Interventions

When we were in sixth grade, one of our friends was threatening to commit suicide. I don’t know what could have possibly been wrong with her life; she had the GAP clothes and the blonde hair and the “boyfriend” (a guy with whom she passed notes and held hands). Then again, most preadolescent woes are nothing compared to adolescent woes, which are nothing compared to real woes in the real world.

We stood around her, told her we loved her. She sucked up the attention, telling us that she was really thinking of ending it until we stood around her with love like that. After that she became dependent on our attention, threatening suicide whenever we weren’t giving her enough. Over time we almost regretted our decision. Then later, over more time, we in fact did.

Like it always happens, the shitty people always seem to remove themselves from your life. I don’t know if this is my personal trend, or if this happens to everyone, but let’s take a look. 1. The kid who used to beat me up, the one with one eye bigger than the other, who used to chase after me on his bike, moved. 2. The kid who used to tease me on the bus, the one with the druggie older sister, moved. 3. The former best friend who turned into a ditzy prep moved. 4. My former best friend who always had issues disappeared.

Implosion.

It happens all the time.


Now we have a different situation on our hands. I am standing in a bitterly cold parking lot outside my friend’s Jeep, leaning in and listening to a ska remake of “My Heart Will Go On.” He’s giggling. I’m tired.

“We should have another one of those...” I wave my hand around in the air.

“Interventions?” he asks.

“Yes!” I cry, grateful that for once in my life people were able to help me figure out the word for which I was searching. Usually they can’t.

“We should definitely do that. I’ll call you this weekend.”


We were all gathered in a circle around her. She had been pounced upon after coming out of her only class. It’s easy for you to be a slacker your senior year.

She glared at us, tried to slither by. It’s hard for someone so fat to slither, by the way. That’s why she’s “trying” as opposed to “succeeding.”

“I see that you have lost weight,” a friend told her. “It’s a start.”

She used to be bigger.

“Is it fun being soulless?” another asked.

“Does it suck to be you?” another asked.

“What is this? Get the hell away,” she glared at all of us.

“We’re holding an...”

“Intervention,” the Jeep friend informed her.

“I’m not doing any drugs or doing anything wrong,” she insisted.

“Actually, you’re rather bothering us,” a more bipolar buddy snapped. “We will not stand for it. Your attitude completely needs to be stopped.”

“I’m getting along fine. In fact, better off without you,” she said. “You’re all ugly homosexual failures.”

“In fact,” one of us said, “none of us are completely homosexual, for your information.”

“Not completely,” another agreed.

“We hate you,” I say blatantly.

“We want you to kill yourself,” the one with the Jeep informed her. “Or, to do drugs. And overdose.”

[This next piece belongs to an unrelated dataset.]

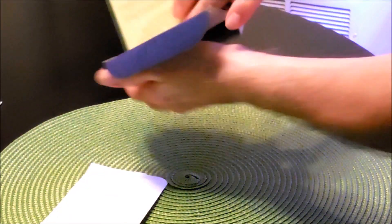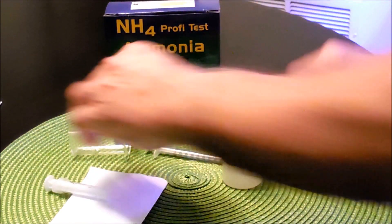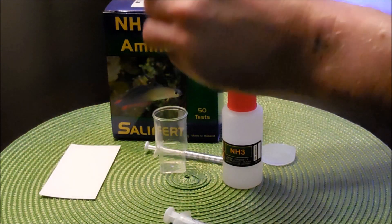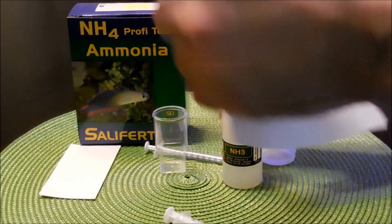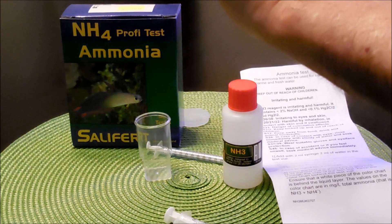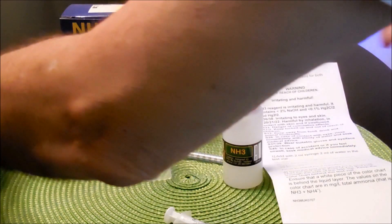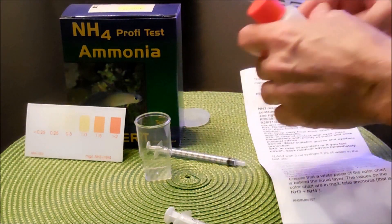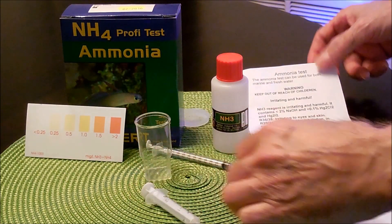Let's empty all the items here. We have the instructions, so let's put them right here while we're reading them. You have here the chart where we can compare as we go along. And of course the syringe and the other syringe for the water.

“But that is exactly the point of what an intervention isn’t!” she cried out, spreading her hands wide in a gesture of exasperation. “You’re supposed to be encouraging me to grab the bull by the horns and enjoy my life!”

“No no no, we want you to suffer and die,” one of us said, shaking a finger.

“You’re a pain in our collective ass,” the Jeep pal said. “We really, really hate you.”

“Is this for real? Is this a hazing ritual?” she asked, kind of terrified. “I never did anything wrong.”

Everyone pulled out printouts, her voice on videotape, her voice on cassette, all of her saying vicious things. Or they pulled friends out from behind the bushes , living proof that she’d been talking behind their backs.

“Damn,” she muttered.

“You suck at life,” I decreed.

“You should end it right here and now. While we’re watching. Because otherwise you’d mess it up, you’re such a fucking waste of air,” another added.

“Yeah. And water. And food. And when you walk on the grass you know it will never grow back because you’re a cursed she-devil,” the one with the Jeep added energetically.

We all pointed at the Jeep driver and nodded solemnly.

“This is supposed to be funny, right?”

“No, your entire life is like a drug, sucking the life out of all of us. And without you, we can recover and move on with our lives,” one of us informed her.

“Please, just do the world a favor and swallow some Mr. Clean!”

She blushed and walked away, muttering to herself that at least her life wasn’t cliché.


I woke up in a cold sweat. Wow.

It’s a good thing that girl moved away last year. Kids can be so cruel.